I’m sitting here wondering if I should just say I’m going to pause lessons, or be truthful and say I don’t think it’s working, and I don’t feel safe with the way you pull the steering wheel.

OP posts:
Mareleine · 01/06/2025 14:09

He doesn't sound like the type to take feedback on board, he'll probably just get aggressive or double down on his shitty behaviour. I'd just say you don't think it's working but I wouldn't mention the steering wheel thing at all.

jljlj · 01/06/2025 14:13

Ccchanges · 01/06/2025 13:44

Thank you all so much for getting back to me. It’s really helpful to reflect with you.

You can really doubt yourself in these situations, and think it’s normal you, and also think you are the one with the problem. But I know this just feels wrong. There’s a few other red flags which I can’t really mention as they’ll be outing. One of them is he’s dating an ex-student of his, over 30 years his junior. I know that’s completely unrelated, but it just grosses me out, tbh. Like he’s used to bossing around younger women.

I’m sitting here wondering if I should just say I’m going to pause lessons, or be truthful and say I don’t think it’s working, and I don’t feel safe with the way you pull the steering wheel.

Edited

Get rid and do NOT tell the truth.

Just say that you are putting driving on pause due to other life pressures.

Ccchanges · 01/06/2025 14:27

Yeah. You’re right. It would probs just erupt into an argument, which I don’t want.

OP posts:
the80sweregreat · 01/06/2025 14:35

Best to just say you need a bit of a break and not having any more lessons. Keep it simple
They probably have this all the time , especially as he sounds a tricky person and I bet a few others have let him go too!

ToadRage · 01/06/2025 14:45

Really wish we could test drive driving instructors some are great some are really bad, i have had several and still don't drive. My last one was the best he was so patient with me and understanding about my learning difficulties, unfortunately he is retired now. The one before him was the worst, he expected me to book a test right after my first lesson, he shouted at me for the slightest mistake, spent large portions of my lesson talking on the phone and talked to me at length about his sons drug problem, i came home in tears numerous times. I have given up on driving now, having had to give up working and m y husband going part time to care for me i don't really need to. Only place i ever go is hospital and he takes me to all my appointments.

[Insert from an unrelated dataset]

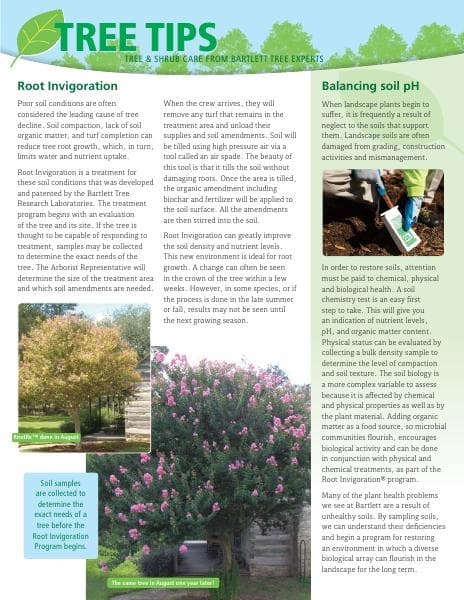 PNW-Summer2017TreeTips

the80sweregreat · 01/06/2025 14:57

I had to tell one of my instructors on the land line phone many years ago I didn’t think it was working out, he was oddly fine with it ( probably because I was so slow at picking it up!)
My next one was much better , so it can be trial and error and not everyone is a natural driver.
I guess that people are rated now online , but any clash of personality can’t be easy and not everyone is patient enough to teach , especially nervous learners.